The latest advances in AI are built on freely available training data. What will happen if it becomes off-limits?
The fear: Creative workers don’t want AI developers to train models on their works without permission or compensation, or at all. Data is vanishing as they scramble to lock it down.
Horror stories: Generative AI models readily produce outputs that imitate the styles of individual authors and artists. Creative people and organizations that work on their behalf are reacting by suing AI developers (all proceedings are ongoing at publication time) and restricting access to their works.
- A class-action lawsuit against Microsoft, OpenAI, and Github claims that OpenAI improperly used open source code to train Github’s Copilot code-completion tool.
- Several artists filed a class-action lawsuit against Stability AI, Midjourney, and the online artist community DeviantArt, arguing that the companies violated the plaintiffs’ copyrights by training text-to-image generators on their artwork.
- Universal Music Group, which accounts for roughly one-third of the global revenue for recorded music, sued Anthropic for training its Claude 2 language model on copyrighted song lyrics.

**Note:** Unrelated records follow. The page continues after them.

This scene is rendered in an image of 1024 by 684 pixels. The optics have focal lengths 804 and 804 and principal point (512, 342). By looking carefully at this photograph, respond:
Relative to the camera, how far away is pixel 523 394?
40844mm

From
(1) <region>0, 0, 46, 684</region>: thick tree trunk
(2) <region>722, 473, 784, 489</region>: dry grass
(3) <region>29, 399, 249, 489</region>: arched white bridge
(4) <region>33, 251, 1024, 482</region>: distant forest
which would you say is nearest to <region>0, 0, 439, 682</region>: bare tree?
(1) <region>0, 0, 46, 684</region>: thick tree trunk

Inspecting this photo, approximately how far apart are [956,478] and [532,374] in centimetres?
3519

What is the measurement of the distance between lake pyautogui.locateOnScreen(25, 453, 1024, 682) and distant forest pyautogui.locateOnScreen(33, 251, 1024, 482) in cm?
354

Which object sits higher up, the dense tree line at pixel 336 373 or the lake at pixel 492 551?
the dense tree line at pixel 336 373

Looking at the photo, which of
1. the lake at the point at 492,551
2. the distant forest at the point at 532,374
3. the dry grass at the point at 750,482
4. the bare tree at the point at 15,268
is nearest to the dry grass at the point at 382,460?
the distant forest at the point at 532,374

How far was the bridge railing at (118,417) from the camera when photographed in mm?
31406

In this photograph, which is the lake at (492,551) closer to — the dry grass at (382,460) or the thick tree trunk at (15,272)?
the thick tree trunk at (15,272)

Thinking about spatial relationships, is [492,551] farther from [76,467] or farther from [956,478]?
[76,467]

- The New York Times altered its terms of service to forbid scraping its webpages to train machine learning models. Reddit and Stack Overflow began charging for their data.

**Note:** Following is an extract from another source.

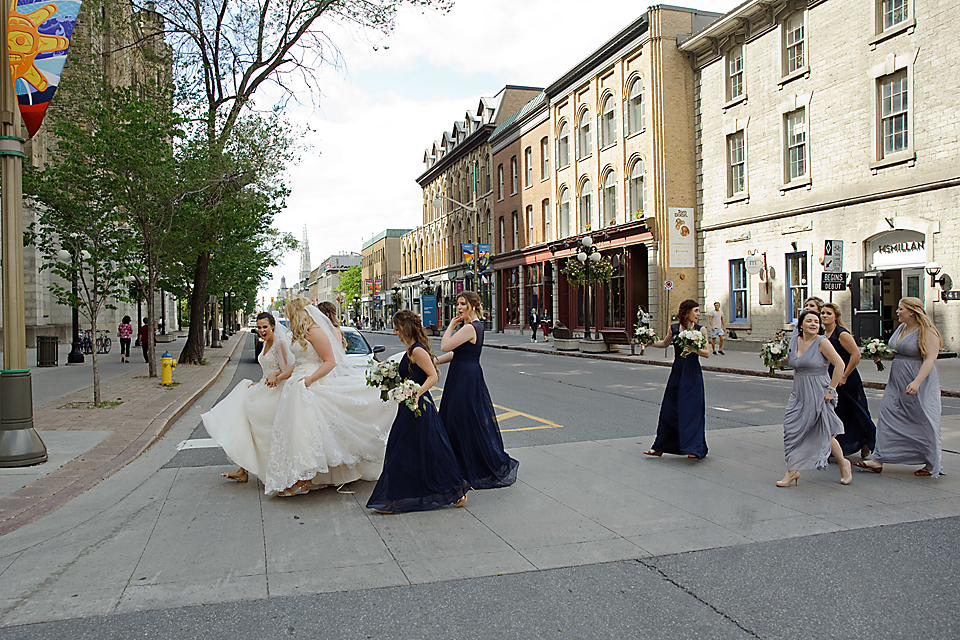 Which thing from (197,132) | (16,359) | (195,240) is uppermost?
(197,132)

- Authors brought a class-action lawsuit against Meta, claiming that it trained LLaMA on their works illegally. The Authors Guild sued OpenAI on similar grounds.
- The threat of a lawsuit by a Danish publishers’ group persuaded the distributor of Books3, a popular dataset of about 183,000 digitized books, to take it offline.
Survival in a data desert: Some AI companies have negotiated agreements for access to data. Others let publishers opt out of their data-collection efforts. Still others are using data already in their possession to train proprietary models.
- OpenAI cut deals with image provider Shutterstock and news publisher The Associated Press to train its models on materials they control.
- Google and OpenAI recently began allowing website owners to opt out of those companies’ use of webpages to train machine learning models.
- Large image providers Getty and Adobe offer proprietary text-to-image models trained on images they control.
Facing the fear: Copyright holders and creative workers are understandably worried that generative AI will sap their market value. Whether the law is on their side remains to be seen. Laws in many countries don’t explicitly address use of copyrighted works to train AI systems. Until legislators set a clear standard, disagreements will be decided case by case and country by country.